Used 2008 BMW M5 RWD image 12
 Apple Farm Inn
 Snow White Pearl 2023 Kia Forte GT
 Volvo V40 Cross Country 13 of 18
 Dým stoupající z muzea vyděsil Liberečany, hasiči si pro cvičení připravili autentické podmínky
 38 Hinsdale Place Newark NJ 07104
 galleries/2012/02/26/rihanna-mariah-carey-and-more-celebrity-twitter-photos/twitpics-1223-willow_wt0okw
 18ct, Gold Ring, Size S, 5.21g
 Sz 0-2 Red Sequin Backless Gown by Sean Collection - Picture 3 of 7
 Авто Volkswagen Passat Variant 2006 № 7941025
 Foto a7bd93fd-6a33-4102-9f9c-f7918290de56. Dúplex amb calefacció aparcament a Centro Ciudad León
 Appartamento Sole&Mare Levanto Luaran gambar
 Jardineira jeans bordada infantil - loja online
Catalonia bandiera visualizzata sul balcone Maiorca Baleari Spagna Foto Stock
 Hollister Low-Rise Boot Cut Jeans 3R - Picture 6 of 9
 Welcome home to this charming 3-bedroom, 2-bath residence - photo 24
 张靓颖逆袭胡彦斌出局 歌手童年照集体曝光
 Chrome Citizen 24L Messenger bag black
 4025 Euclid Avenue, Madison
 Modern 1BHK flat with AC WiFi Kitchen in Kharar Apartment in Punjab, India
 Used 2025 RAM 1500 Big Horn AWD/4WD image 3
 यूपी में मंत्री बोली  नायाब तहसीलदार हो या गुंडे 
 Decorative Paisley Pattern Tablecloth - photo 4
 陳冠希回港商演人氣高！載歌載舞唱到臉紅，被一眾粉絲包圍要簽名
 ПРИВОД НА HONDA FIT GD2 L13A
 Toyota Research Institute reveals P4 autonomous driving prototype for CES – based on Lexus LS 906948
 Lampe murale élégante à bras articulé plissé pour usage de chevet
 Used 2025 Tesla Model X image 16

^^^^

DESCRIPTION OF THE TASK:
Please retype all of the records, keeping each line exactly as it is.

REPLY TO THE EXERCISE:
Used 2008 BMW M5 RWD image 12
 Apple Farm Inn
 Snow White Pearl 2023 Kia Forte GT
 Volvo V40 Cross Country 13 of 18
 Dým stoupající z muzea vyděsil Liberečany, hasiči si pro cvičení připravili autentické podmínky
 38 Hinsdale Place Newark NJ 07104
 galleries/2012/02/26/rihanna-mariah-carey-and-more-celebrity-twitter-photos/twitpics-1223-willow_wt0okw
 18ct, Gold Ring, Size S, 5.21g
 Sz 0-2 Red Sequin Backless Gown by Sean Collection - Picture 3 of 7
 Авто Volkswagen Passat Variant 2006 № 7941025
 Foto a7bd93fd-6a33-4102-9f9c-f7918290de56. Dúplex amb calefacció aparcament a Centro Ciudad León
 Appartamento Sole&Mare Levanto Luaran gambar
 Jardineira jeans bordada infantil - loja online
Catalonia bandiera visualizzata sul balcone Maiorca Baleari Spagna Foto Stock
 Hollister Low-Rise Boot Cut Jeans 3R - Picture 6 of 9
 Welcome home to this charming 3-bedroom, 2-bath residence - photo 24
 张靓颖逆袭胡彦斌出局 歌手童年照集体曝光
 Chrome Citizen 24L Messenger bag black
 4025 Euclid Avenue, Madison
 Modern 1BHK flat with AC WiFi Kitchen in Kharar Apartment in Punjab, India
 Used 2025 RAM 1500 Big Horn AWD/4WD image 3
 यूपी में मंत्री बोली  नायाब तहसीलदार हो या गुंडे 
 Decorative Paisley Pattern Tablecloth - photo 4
 陳冠希回港商演人氣高！載歌載舞唱到臉紅，被一眾粉絲包圍要簽名
 ПРИВОД НА HONDA FIT GD2 L13A
 Toyota Research Institute reveals P4 autonomous driving prototype for CES – based on Lexus LS 906948
 Lampe murale élégante à bras articulé plissé pour usage de chevet
 Used 2025 Tesla Model X image 16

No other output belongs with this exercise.